The other thing I was not aware of, is you sweat like a pig whilst in labour. Now I’m no sweaty Betty, in fact, before pregnancy, I gymmed regularly but found it very hard to break into any kind of a sweat. But in labour, I was like Sponge Bob so was rather looking forward to getting into the water.

Climbing carefully up the steps, taking a moment to pause and catch my breathe, and sink in…. HOLY MOSES! It’s frigging scalding…. I was also not aware that the water has to be maintained at liquid lava temperature and you are basically like a lobster in a pot. So picture me, leaping around like a salmon swimming upstream, with the midwife barking at me to keep my hips in the water and I’m trying to not bite her… Oh, and I’m still not taking the drugs

So I’m now broiling, sweating, moaning, and screaming to no avail, so I try another tactic – bargaining. I say to the midwife, in the manner of a broker with a HUGE loss, “I can’t do this….please make it stop, I’ll give you anything.” And the Midwife grins at me and says “Oohhh, goodie, we are nearly there!” and then steps out of the room…

I grab Husband, declaring I have to push NOW and the supporting midwife comes in with new towels (and possibly another cuppa for Husband who is having a lovely time) and puts on her game face whilst calmly calling out to her colleague to come back in NOW . Midwife asks me if I’m ready to push, and I mournfully look at her declaring “I am pushing, I promise I am”
Push, breathe, stop
Push, Push, breathe, push, stop
Push, Push, Push, breathe, push, and then I yell
ARGH!!! No-one told me it burns!!!
ONE HUGE PUSH and Husband nearly losing his tea in the excitement……………

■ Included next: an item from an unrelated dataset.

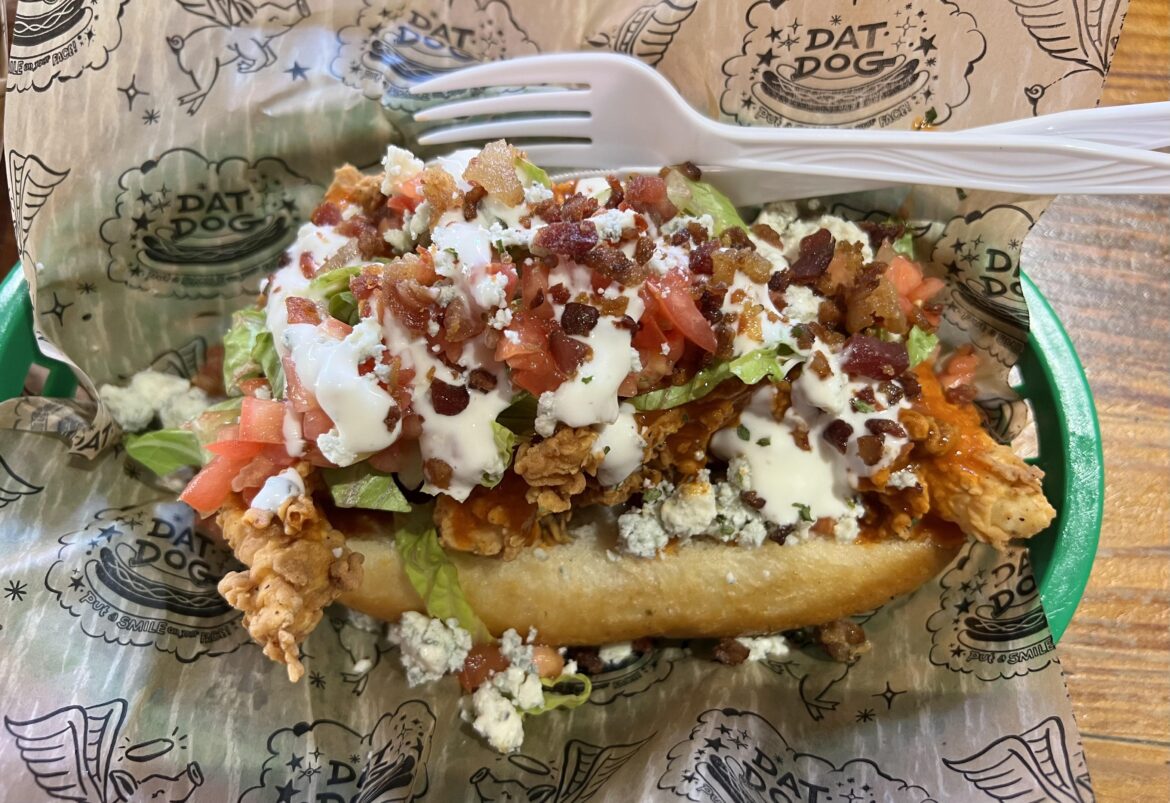I ate a fried chicken sandwich with lettuce and tomato, topped with buffalo sauce, bacon, and blue cheese crumbles
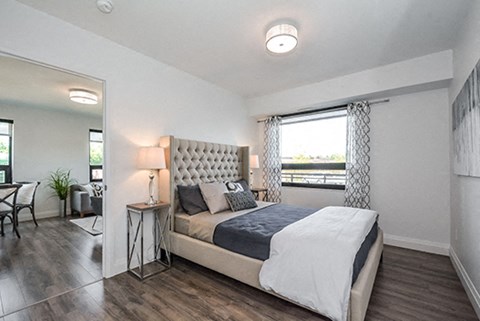 Trio On Belmont bedroom with luxury plank flooring in Kitchener, ON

ahhhhh, Peachy has arrived, all ten tiny wrinkled fingers and ten tiny wrinkled toes, all scrunched up and squishy, squealing like a pig in mud

Ahhh, lovely Husband, texting all our family and friends with the joyous news.

Ahhh, midwife, you are just lovely.

Ahhh, other midwife, thanks so much and tell me, where did you get those shoes?

And there is Peachy, being weighed and cuddled, and screaming like a banshee.

And this is when Husband and I looked at each other, and the most perfect thing we had ever created in the whole wide world and both felt this rush of love and surge of protection so fierce we knew our lives would never be the same.